_AVAILABLE DATA_:
══════════

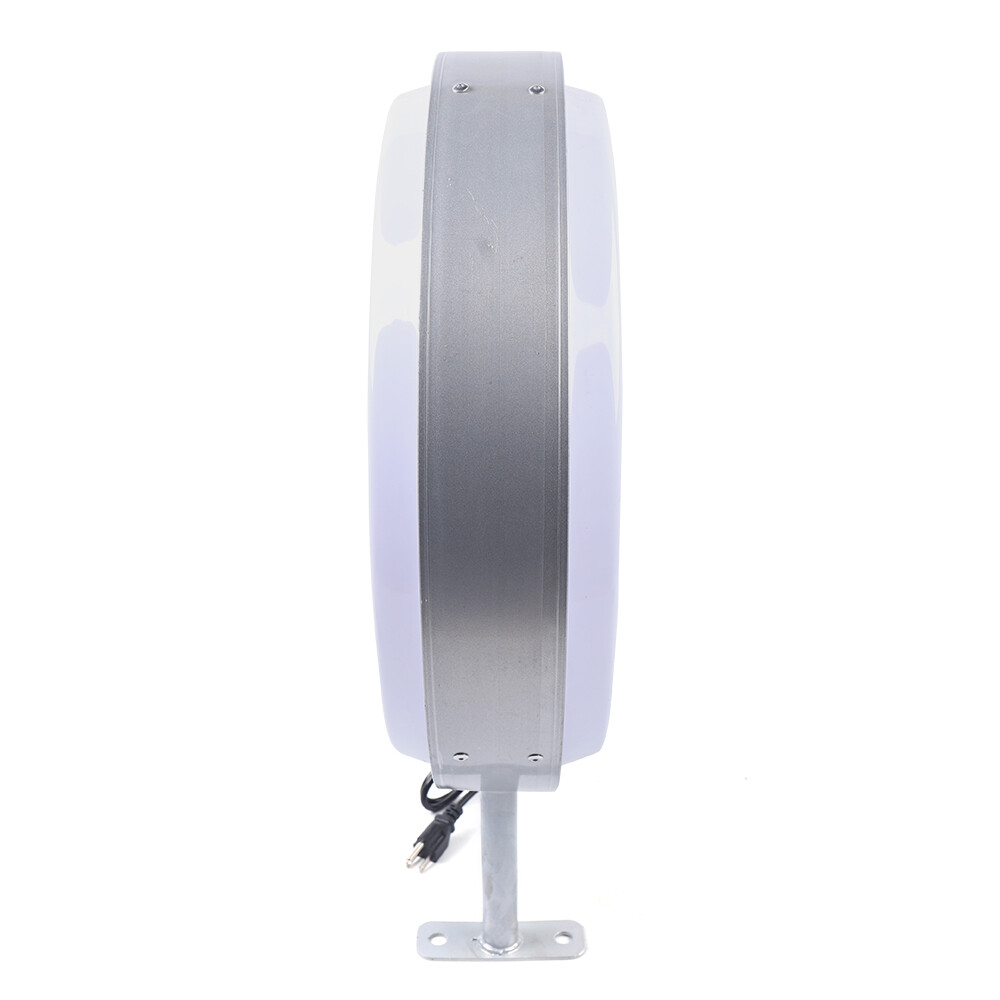 20&Prime; LED Double Sided Round Light Box Outdoor Sign Advertising Projecting Light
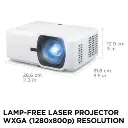 Viewsonic Proyector Laser, 4500ANSI Lumenes LS630W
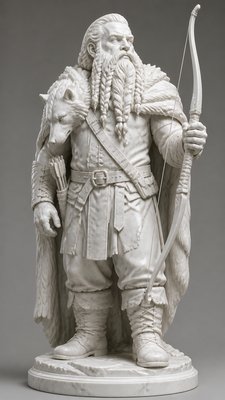 Classical Marble Sculpture Art Style tabletop character portrait example
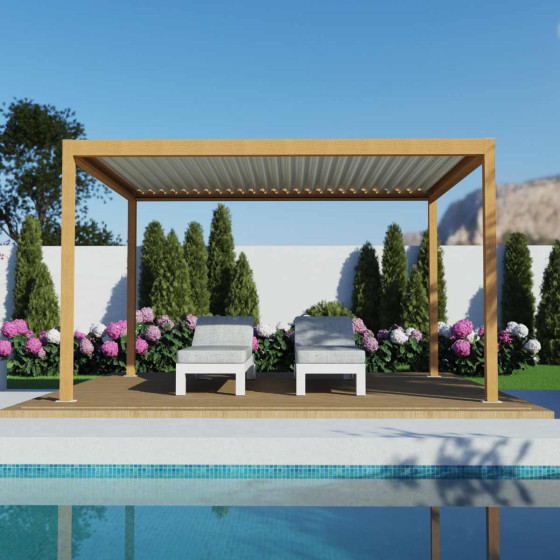 pergola bioclimatique en aluminium fabrication française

══════════

_PROBLEM DETAILS_: Send back the listing exactly as it stands. Do not include the pictures.

_ANSWER TO THE EXERCISE_:
 20&Prime; LED Double Sided Round Light Box Outdoor Sign Advertising Projecting Light
 Viewsonic Proyector Laser, 4500ANSI Lumenes LS630W
 Classical Marble Sculpture Art Style tabletop character portrait example
 pergola bioclimatique en aluminium fabrication française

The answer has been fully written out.